Timekeeping in stable/9

Joe Holden lists at rewt.org.uk
Thu Jan 19 21:09:28 UTC 2012


Joe Holden wrote:
> Chuck Swiger wrote:
>> On Jan 19, 2012, at 12:18 PM, Joe Holden wrote:
>>>> Sounds like you were looking for commercial support, since unpaid 
>>>> volunteers don't have an obligation to promptly leap out and provide 
>>>> solutions within your ETA.
>>> Not really, just an acknowledgement would be fine.  It is what it is, 
>>> everyday I try to argue in favour of the project, I still use it for 
>>> myself everywhere but increasingly things happen that just don't on 
>>> other volunteer projects... it's rather difficult to argue the case 
>>> when they can install Ubuntu or whatever nonsense distro is the 
>>> current favourite and it just works.  Just a bit more accurate info 
>>> would solve it, if it doesn't do X reliably, or Y has changed, note it.
>>
>> You asked a question and got two or three responses back in a day.  

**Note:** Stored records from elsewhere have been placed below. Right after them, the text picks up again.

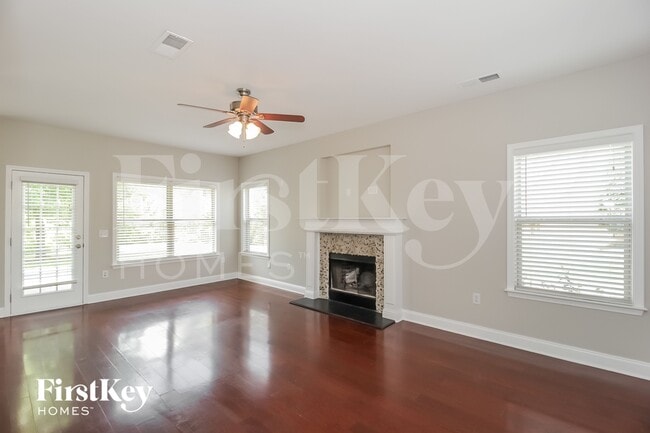 111 Barnsley Village Dr in Adairsville, GA - Building Photo - Building Photo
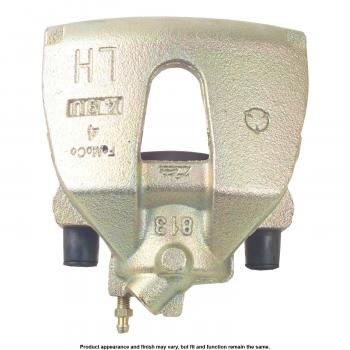 2014 Ford C-Max Disc Brake Caliper Front Left A1 Cardone 192942 image 2 of 4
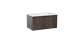Balmani Forma badkamermeubel met Tablo Oval Wastafel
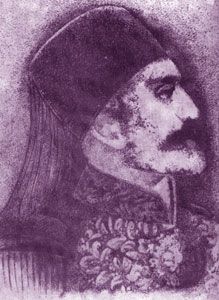 Ahmad ibn Abi Diyaf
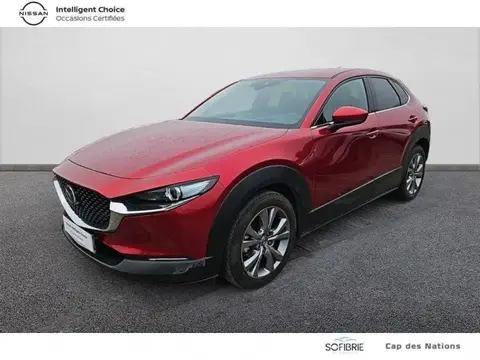 Annonce MAZDA CX-30 Essence 2019 d'occasion 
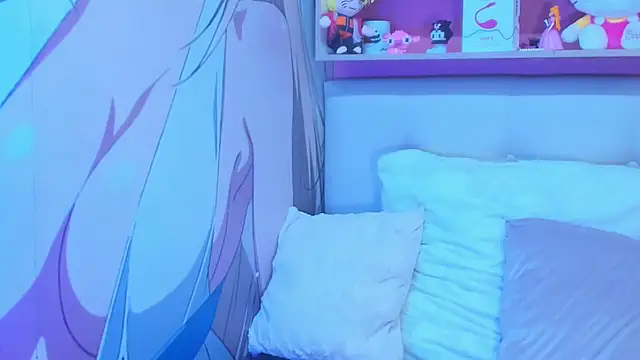 FreyaHL online show from April 13, 2026, 7:08 pm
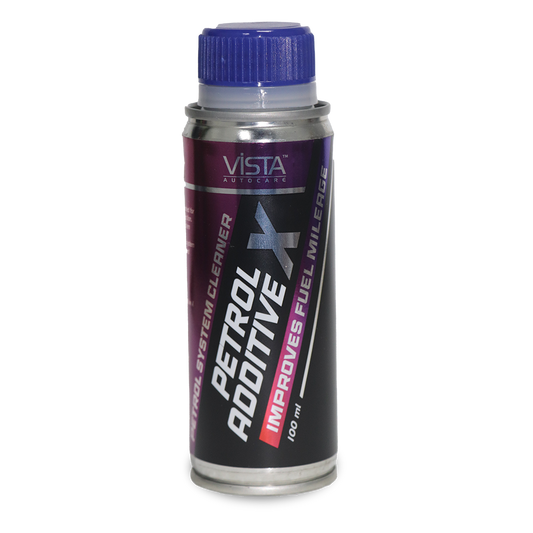 TVS Petrol Additive Vista_100ml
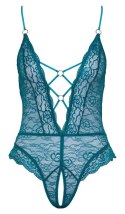 Body teal S Body teal S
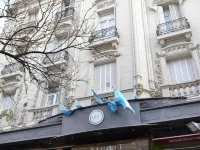 Gran Hotel Victoria Cordoba Argentina Hotels near Jesuit Square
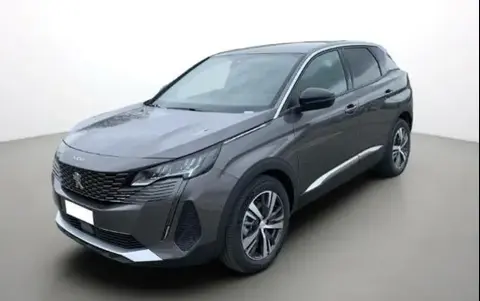 Used PEUGEOT 3008 Petrol 2023 Ad 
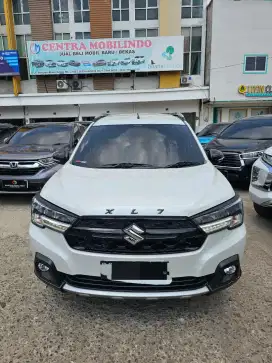 XL7 Beta 1.5 MT 2020 putih istimewa dp 22 jt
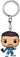 Keychain Fantastic Four 2025 S1 Pop 2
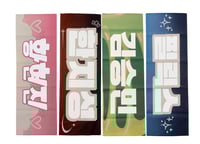 Image 2 of stray kids cheering slogans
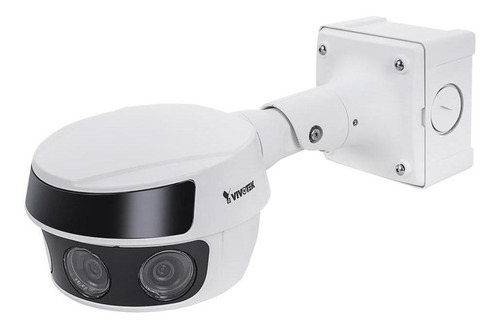 Imagen 1 de 1 de Vivotek Ms9321-ehv 20mp, Vista 180 °, 30m Ir, Ip66, Ik10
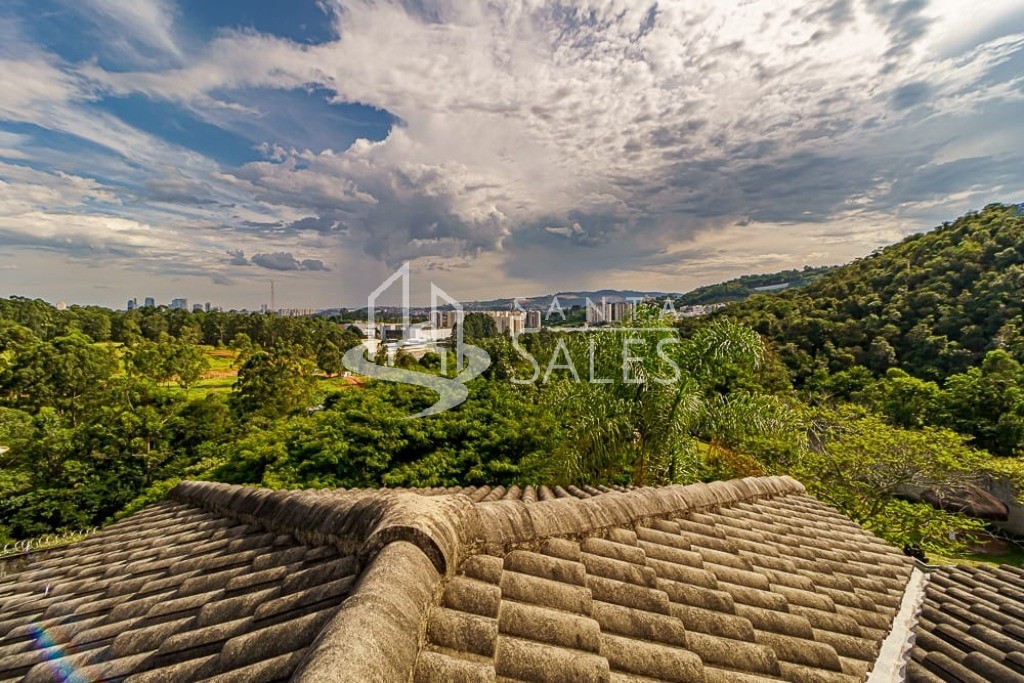 Casa, 5 quartos, 526 m² - Foto 17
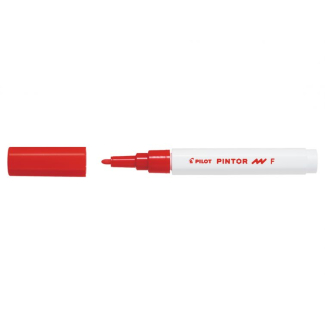 Pennarello Pilot Pintor Classic a punta fine, tratto 1.0 mm, vari colori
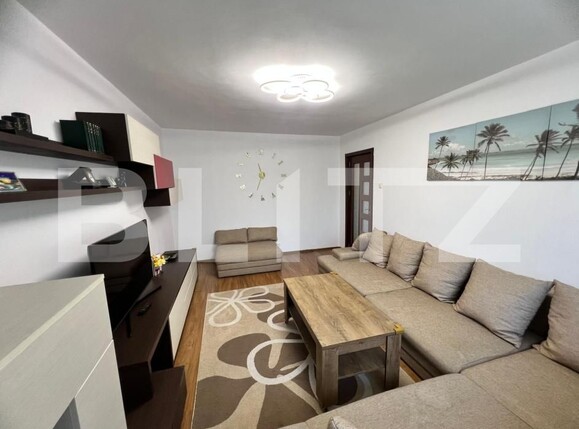 Apartament de închiriat 4 camere Rovine - 173175AI | BLITZ Craiova | Poza1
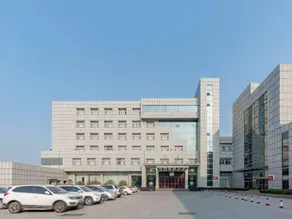 Yucheng Hotel - Image 5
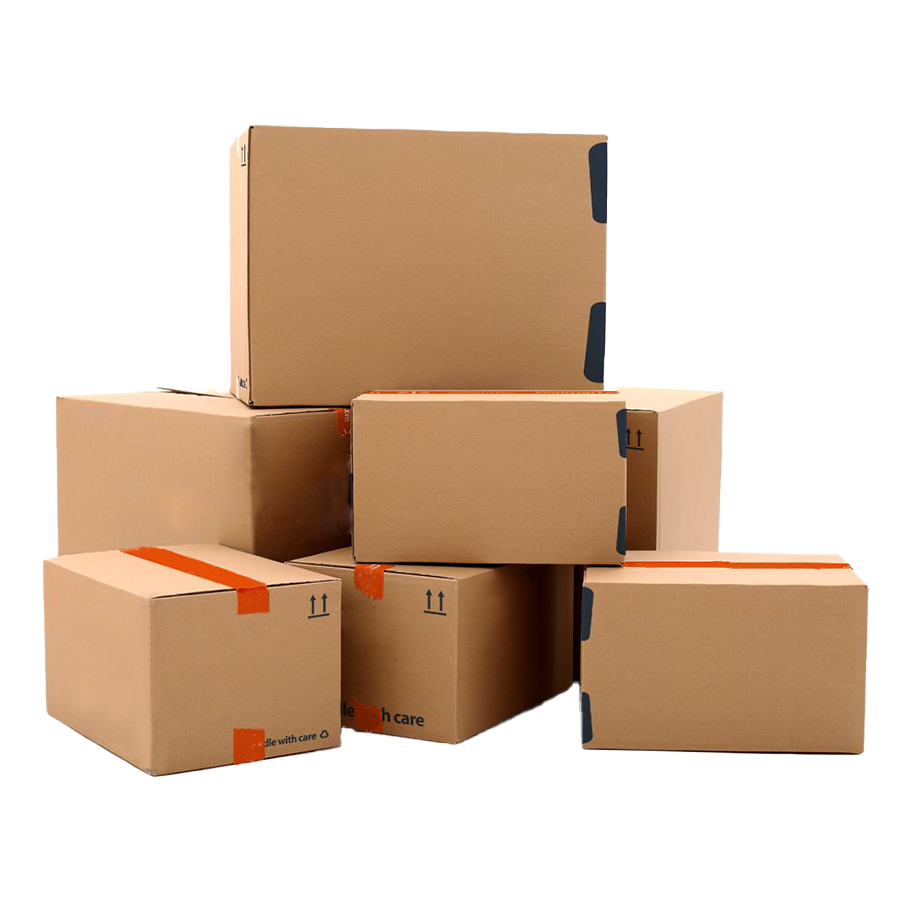 Shipping Boxes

>> You mentioned trying different timekeeping choices, but I don't recall 
>> seeing what your kern.timecounter sysctl values looked like; without 
>> that, folks are missing info that is likely to be relevant.
>>
>> Ah, well....
>>
>> Regards,
> Yeah my gripe isn't with having no responses, the handful of people that 
> have responded have been helpful but ultimately no responses from anyone 
> involved.  Just a one liner saying "we changed the timecounter stuff in 
> 9, look at sysctl tree X" would have been more than sufficient, this 
> sort of thing should really be mentioned in the relnotes though...
> 
> For the record though, setting kern.eventtimer.periodic to 1 fixes the 
> problem on all affected machines (returns my virtualbox guest to 
> normality, reduces the drift on physical machines to 8.2 figures).
> 
> FWIW, I can't even see any notes relating to this in UPDATING either.
I should probably clarify here that some responses were received from 
the maintainers (eg: Qing for mpath) for a couple of bits of code but 
the wider issues weren't discussed further.  I'm not trying to say that 
no effort is made, but as a whole for the project to be comparable to 
the alternatives this sort of thing shouldn't happen.